Toasting the success of the new – look Railway Tavern are from left to right:
Gerald Tooley, Norwich Brewery District Manager, John Noble, Chairman of the Licensing bench,
and Muriel and Neville Rogers
The Railway Tavern public house in Belton, well known by locals and visitors alike has been officially re-opened last week(this is taken from the Eastern Daily Press on 24th September, 1979). After an extensive alterations programme. The work which lasted five months was carrier out jointly between tenants Neville and Muriel Rogers and Norwich Brewery.
The drinking area has been almost doubled in size by knocking through an adjoining building, a new bar and bar fittings have been installed and new carpeting has been laid. An area of the bar has been set aside for the many dart players who use the Tavern. The pub has three teams, two men’s and one ladies, playing in the Norwich Brewery League.
There to officially re-open the pub by pulling the traditional first pint was John Noble chairman of the licencing bench. He was introduced by Gerald Tooley, The Norwich Brewery district manager. Mr Tooley said “I am sure everybody will join with me in congratulating Neville and Muriel on the tremendous results they have achieved at the Tavern. I am sure that their hard work and efforts will be appreciated by the locals and many tourists who visit the area each year.”

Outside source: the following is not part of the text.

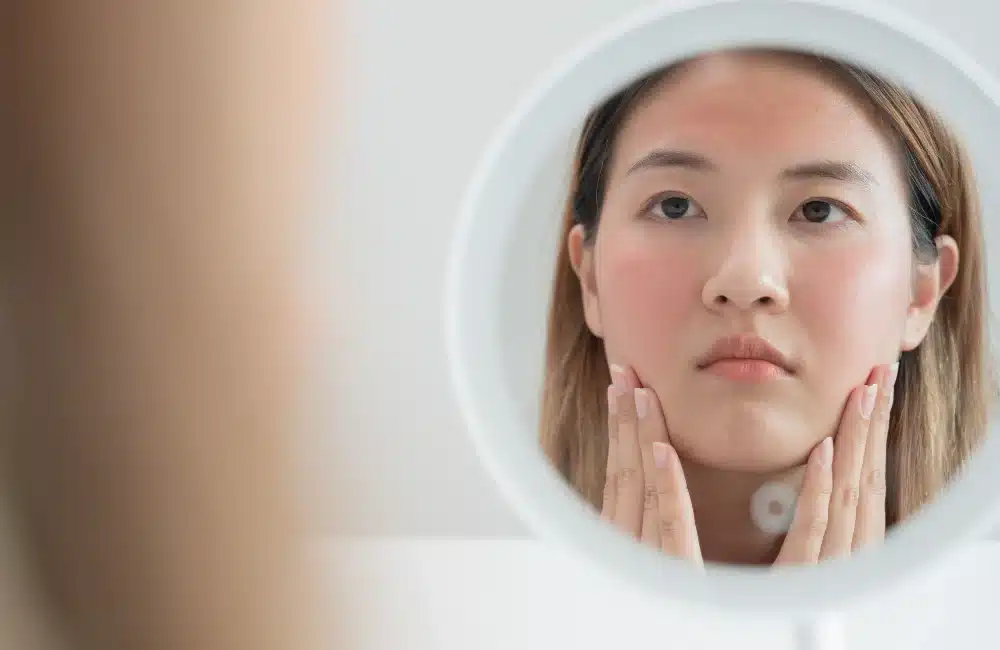 ปรับผิวคล้ำเสียจากแดดให้กระจ่างใสได้ด้วย Rejuran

The Tavern was their first pub which they took over in 1961 although Neville Rogers has know it for a clot longer as it used to be his local! One lunchtime on hearing that the landlord was leaving Neville wrote to the brewery asking if he could be considered for it. Before that Neville had worked as a fitter on a farm.
When not serving behind the bar Neville turns out for one of the darts teams, and he also enjoys clay pigeon shooting. Neville passed away in 1989.
MORE ABOUT THE TAVERN
Friendship and Generosity keep pub at the heart of community
The Railway Tavern in Belton
Faced with changing customer habits, many traditional inns are being transformed into gastro – pubs in order to stay in business. As a result is, in part, why walking into the Railway Tavern in Belton near Great Yarmouth, feels like stepping back into a truly traditional community pub. It has been an inn since the mid-1800’s and without making any drastic changes to what is on offer, it continues to attract the locals and stand its ground as a village pub.
Current Landlady Vicky Applegate took over the lease in 2007. before returning to the village where she was brought up, Miss Applegate ran the Norfolk Tavern in Gt. Yarmouth. For her, being a publican is a busy, but fulfilling, career path, “My mum used to work here years ago when I was little,” she said.
And I knew about the history of the pub and the “Belle of the East” (See The last flight of the Belle of the East) because my Nanny was one of the people who helped saved the pilots when the plane crashed.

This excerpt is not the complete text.